Wenn man die Nikon HG-Linie betrachtet, kann man förmlich spüren, wie die Entwickler beim Ringen um einen handlichen Kompromiss das Feld der konstruktiven Möglichkeiten in allen Richtungen bis and die gegenwärtigen Grenzen abgetastet und das Ergebnis so platzsparend und leichtgewichtig wie möglich verpackt haben. Sie können also sicher sein, dass eine höhere Randschärfe mit weniger als ca. 150g Mehrgewicht bei 32er-Gläsern momentan nicht zu machen ist, auch nicht für Zeiss oder Leica. Spitzengläser zeichnen sich ja gerade dadurch aus, dass hier die Grenzen des vorgegebenen technischen Rahmens ausgelotet werden. Da sich alle Faktoren gegenseitig bedingen, kann es kein alleiniges bestes Ergebnis geben, sondern nur verschiedenartige Kompromisspakete. Leica und Zeiss bieten andere Eigenschaftskombinationen als Nikon, weil sie eine andere Klientel im Auge haben. Zeiss favorisisert höchste Transmission, damit die Gläser in der Dämmerung Höchstleistung bieten, denn die jagende Kundschaft erwartet dies ebenso, wie ein geräuscharmes funktionales Gehäuse, das darum gerne aus Kunststoff sein darf. Leica optimiert seine Gläser auf maximalen Tagkontrast bei höchster Farbsättigung, erfreut damit die Vogelfreunde und spricht mit seinen wertigen Metallgehäusen in edlem Design die Ästheten an . Swarovski legt Wert auf höchsten Komfort bei Einblick und Handhabung und leistet sich ein Loch zum Durchgreifen, das auch die Meinungen teilt. Alle erreichen ihr Ziel in einem für handliche 32er-Reisegläser akzeptablen Gewichtsbereich von 500-600g. Wer Nikon wählt, bekommt die vielleicht insgesamt höchste optische Leistung und das auch noch zum besten Preis, muß dafür aber Abstriche bei Gewicht, Design (gewölbte Okulartuben), Transmission, Marktpräsenz und Statuswirkung, womöglich auch beim Service hinnehmen.
Zum Schluss werfen Sie den europäischen Herstellern von Spitzengläsern den "Fehler" vor, die finanziellen Möglichkeiten Ihrer Kunden zu verkennen, die Ihrer Meinung nach für mehr Randschärfe gern ein paar Euro mehr hinblättern und ein paar Gramm mehr herumtragen würden.
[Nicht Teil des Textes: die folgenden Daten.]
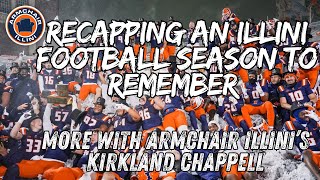 Illini Football Season Recap: Why Fans can Be Grateful & Welcoming a Historic 2026 Recruiting Class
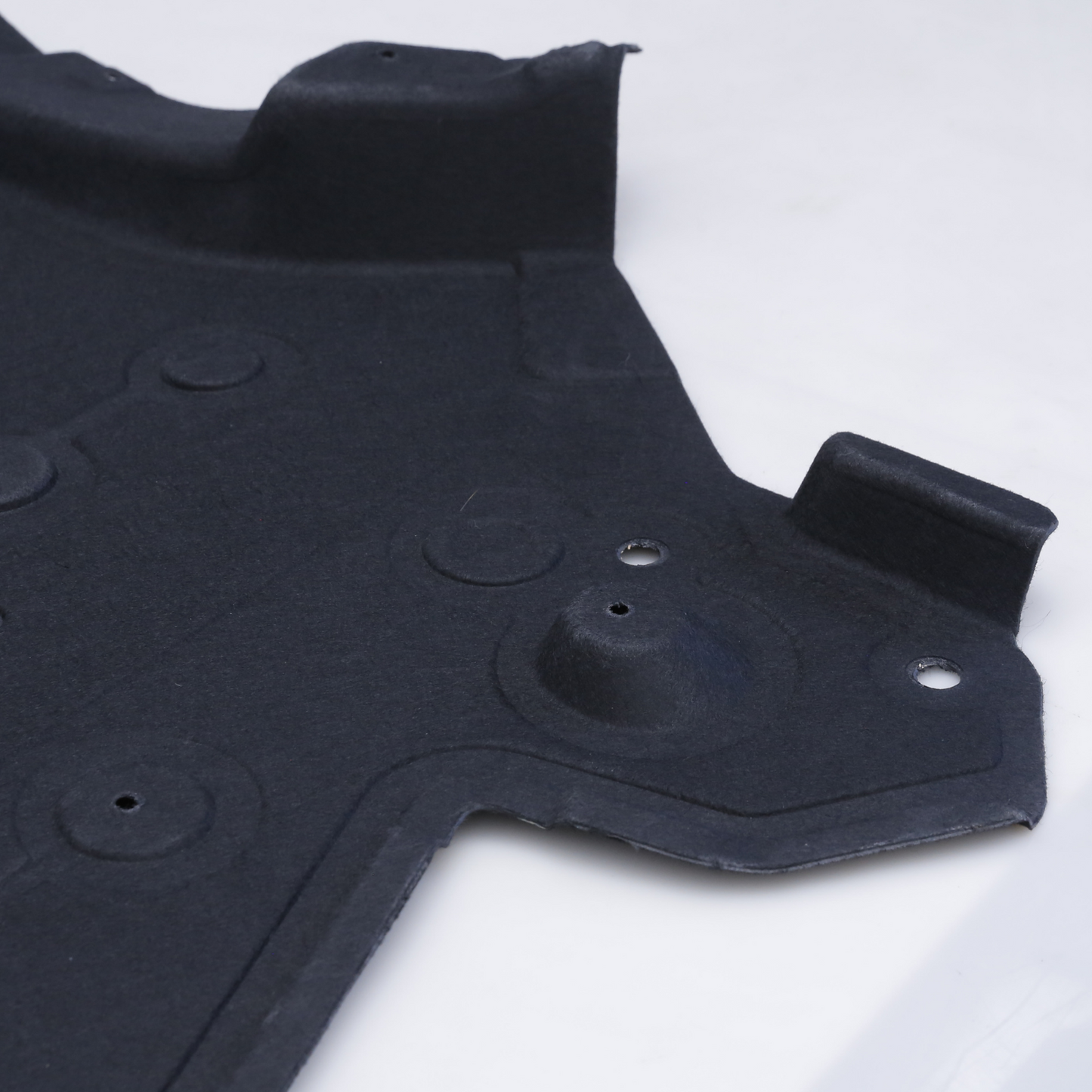 Engine Splash Shield Felt Undertray for BMW X6 F16 2014-2019 OEM 51757290659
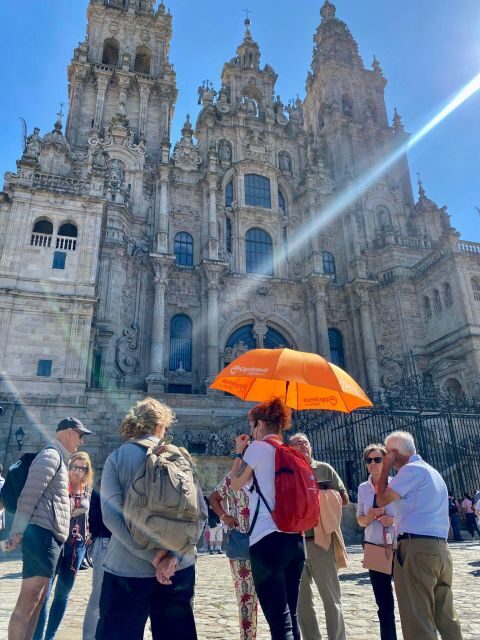 Santiago de Compostela: Cathedral, Museum, and Old Town Tour - Exploring Santiago’s Historic Core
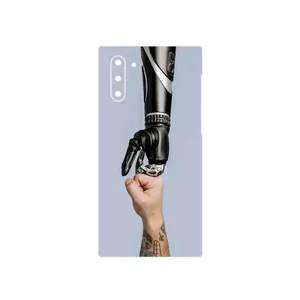 MAHOOT Robotics Cover Sticker for Samsung Galaxy Note 10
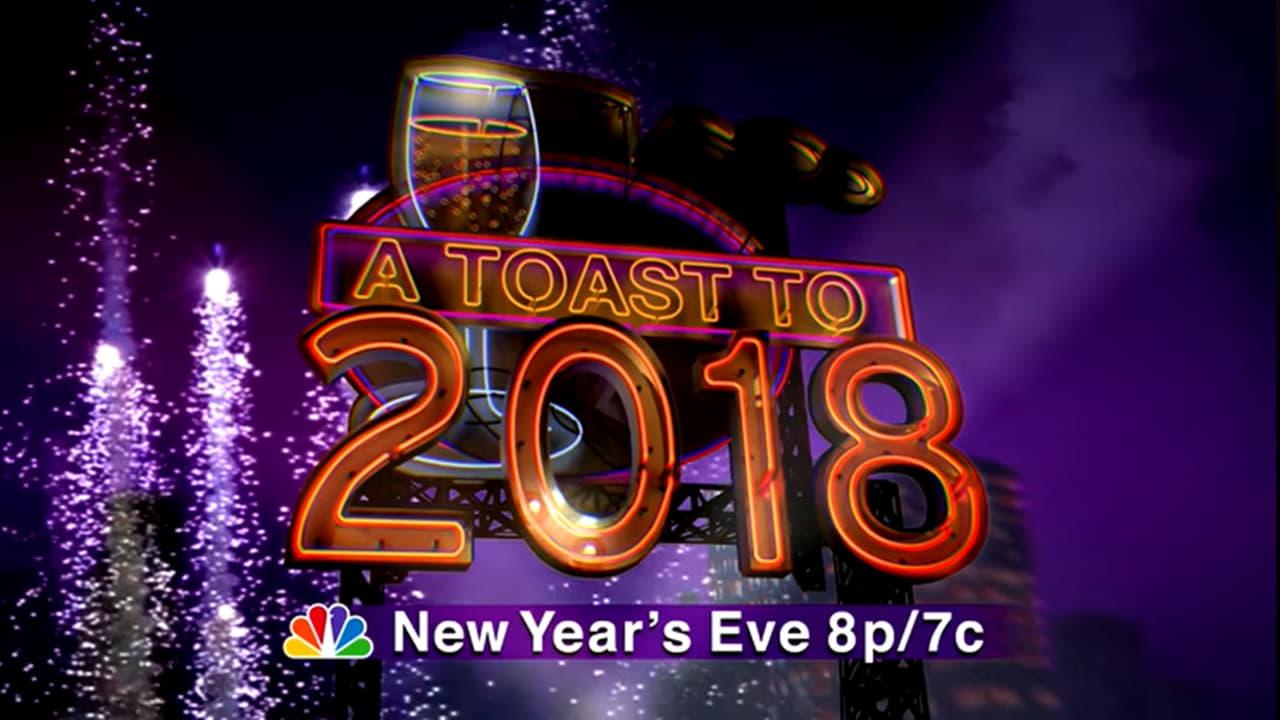 A Toast to 2018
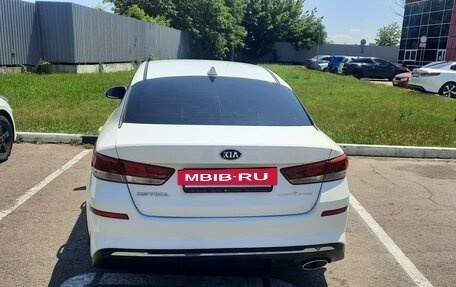 KIA Optima IV, 2019 год, 1 500 000 рублей, 2 фотография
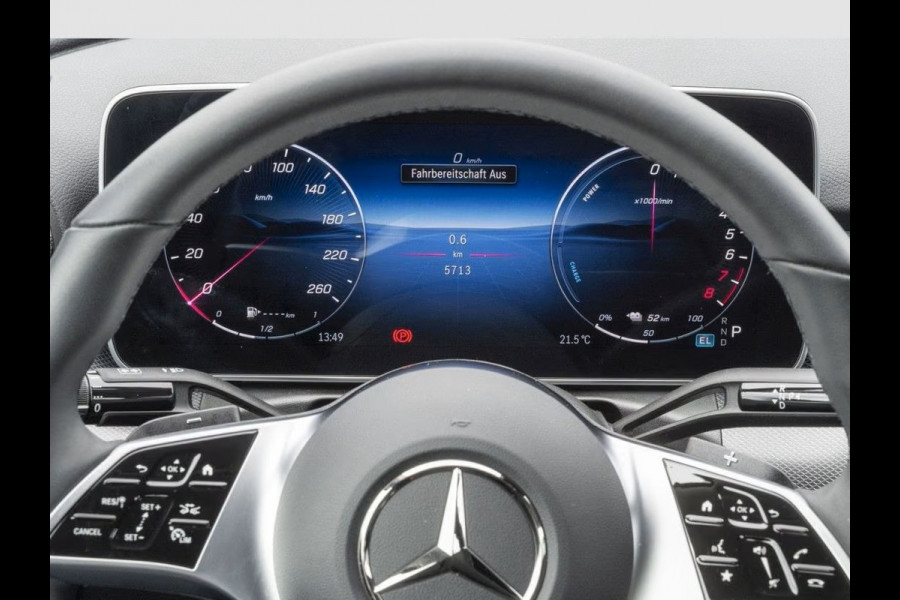 Mercedes-Benz C-Klasse 300e AVANTGARDE ** HIGH LED, MEMORY, 18-inch LMV, WINTERPACK, CAMERA, ** Ex MB-AG - UNFALLFREI ** ** INFORMEER OOK NAAR ONZE AANTREKKELIJKE FINANCIAL-LEASE TARIEVEN **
Vielleicht haben Sie darin Recht. Es wäre sehr zu wünschen, denn dann wäre hier Marktpotential für die Zukunft unserer Hersteller vorhanden. Da Zeiss momentan gut verkauft, besteht für dieses Haus wohl in nächster Zeit wenig Anlass, etwas zu ändern. Vielleicht leistet sich ja Leica eine neue randschärfere Linie, um auch die "tragfähigen finanzkräftigen Perfektionisten in den besten Jahren" so gut zu bedienen, wie sie es sich wünschen und verdient haben. Auch Swarovski könnte seine erfolgreiche Hochpreisstrategie mit neuen Produkten fortsetzen, falls man von den hübschen Gewinnen der Vergangenheit der Entwicklunsabteilung etwas zugute kommen liess, was aber fraglich erscheint. Wollen wir im Interesse Europas hoffen, dass die Nikon-Marketingabteilung auch weiterhin fest schläft und die Chinesen nur langsam erwachen.
2-mal bearbeitet. Zuletzt am 15.10.06 01:10.